Vivre son destin, vivre sa pensée
D'Anne-Lyse CHABERT (Albin Michel, 2021)
Réfléchir à des thèmes existentiels majeurs comme la liberté et la réclusion, l'autonomie et la dépendance, les différences et les normes, la mort, à partir d'une situation singulière donne à réfléchir sur la pertinence de ces questions pour tous. D'abord elle témoigne philosophiquement de sa propre expérience, elle en constitue un certain savoir elle communique sa perception de sa situation de vie, de la manière dont elle construit son rapport au monde dans des conditions si particulières, qu'une personne valide ne peut concevoir facilement. A ce titre, la lecture de l'ouvrage devrait être indiquée à tous les « sachant » professionnels et institutionnels, ceux qui prétendent savoir et juger du haut de leurs compétences professionnelles de ce qui est bien pour les personnes en situation de handicap, et de ce qui ne l'est pas. Le livre nous communique une expertise réfléchie sur ce dont il serait important de se préoccuper dès lors que l'on est en relation, sociale ou professionnelle, avec des personnes en situation de handicap. Ensuite de manière plus universelle elle fait œuvre de philosophe sur ces thèmes majeurs de la vie : son regard particulier interroge la question générale posée pour tous et sa réflexion apporte des réponses qui ouvrent le champ de la réflexion sur l'humain et son fonctionnement.

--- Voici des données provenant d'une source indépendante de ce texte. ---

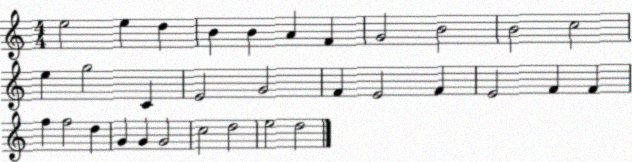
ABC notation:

X:1
T:Untitled
M:4/4
L:1/4
K:C
e2 e d B B A F G2 B2 B2 c2 e g2 C E2 G2 F E2 F E2 F F f f2 d G G G2 c2 d2 e2 d2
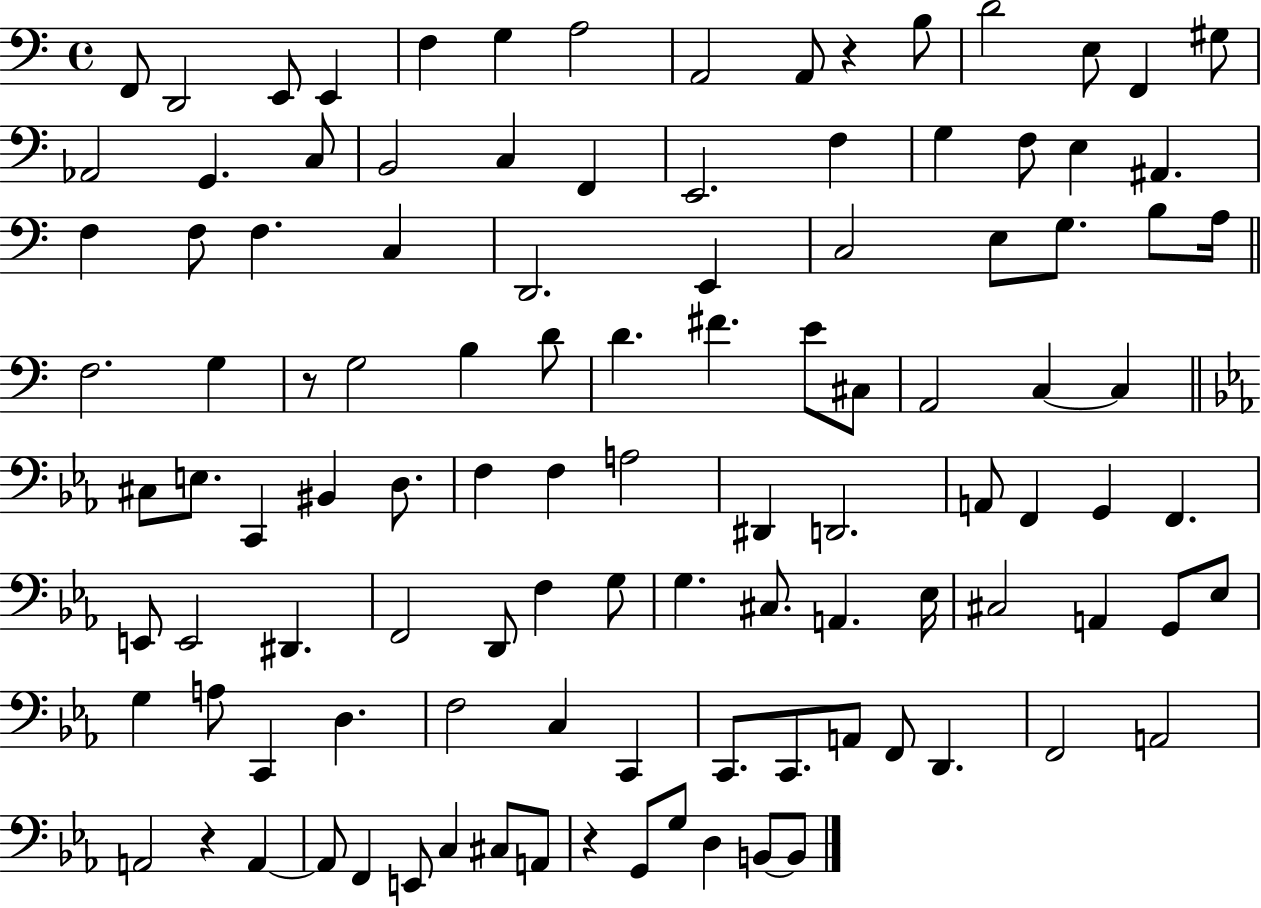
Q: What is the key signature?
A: C major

En termes philosophiques, ce que nous apporte cet ouvrage,
c’est une approche phénoménologique du handicap, par une personne experte de
ses capacités et de ses conditions de vie, ce que ne pourra jamais apporter
aucune approche scientifique, à prétention objective. Et cette parole, rarement
écoutée, mérite pourtant de l’être, en considération de la dignité intrinsèque
de toute personne, quelles que soient ses caractéristiques. Elle nous dit par
exemple des choses importantes sur les institutions : « Un des lieux modernes de nos réclusions
est constitué sans doute par l’institution « médico-sociale »,
institution qui n’émet qu’une seule norme de vie sans jamais se soucier de
l’expérience de l’individu qui la vit et ne conçoit qu’un seul format sur
lequel doit se policer de force ce qui aurait pu se déployer en des styles ou
des formes de vie différents, dans toute leur singularité. L’individu, dans de
tels lieux, doit se plier à des normes imposées de l’extérieur :
l’institution a « institué » une fois pour toutes ces critères et ses
conceptions, faisant fi de l’autonomie des sujets vulnérables auxquels elle
fait face. » (p.82) Et
dit-elle aussi : « Une chose est sûre : je n'ai jamais eu la sensation de carence, de
manque. Si mon handicap m'a toujours contrainte à adapter mon environnement aux
modifications de mes capacités sensorimotrices du moment, je n'ai jamais eu
l'impression que ma vie était ‘’déficiente’’ en regard de celle que j'avais
auparavant. Elle était sans doute plus difficile, plus contraignante, mais non
pas amoindrie pour autant. »
L’ouvrage apporte une réflexion sur la condition humaine,
condition humaine en général, et condition humaine imposée aux personnes en
situation de handicap .Le chapitre sur l'euthanasie (p.111-128) est bien sur ce
registre : l'auteur traite de cette question à partir de son expérience,
de sa réflexion sur ses conditions de vie. Mais bien au-delà de ce
questionnement singulier, c'est bien de la question de la vie et de la mort
dont il s'agit, et sur laquelle porte sa réflexion, valable pour tous. Lire un
tel ouvrage n’est pas seulement connaître l'expérience pratique et réflexive
d'une personne en situation de handicap, c'est se confronter à des questions
éthiques concernant sa propre vie, et concernant la nature et les modalités du
travail d'accompagnement que les professionnels peuvent effectuer auprès des
personnes handicapées. A ce titre, la lecture de l'ouvrage devrait être
conseillée pour alimenter la réflexion éthique des professionnels (Désolé :
ni dans les recommandations, ni dans l'analyse des besoins de SERAFIN-PH, ni
dans le reporting dans de complexes tableaux Excel, n'est prévu de temps pour lire le livre d’A-L
Chabert. L'éthique n'a plus guère de place dans le travail médico social, tout
au plus l’éthique fait-elle l'objet d'une conférence annuelle).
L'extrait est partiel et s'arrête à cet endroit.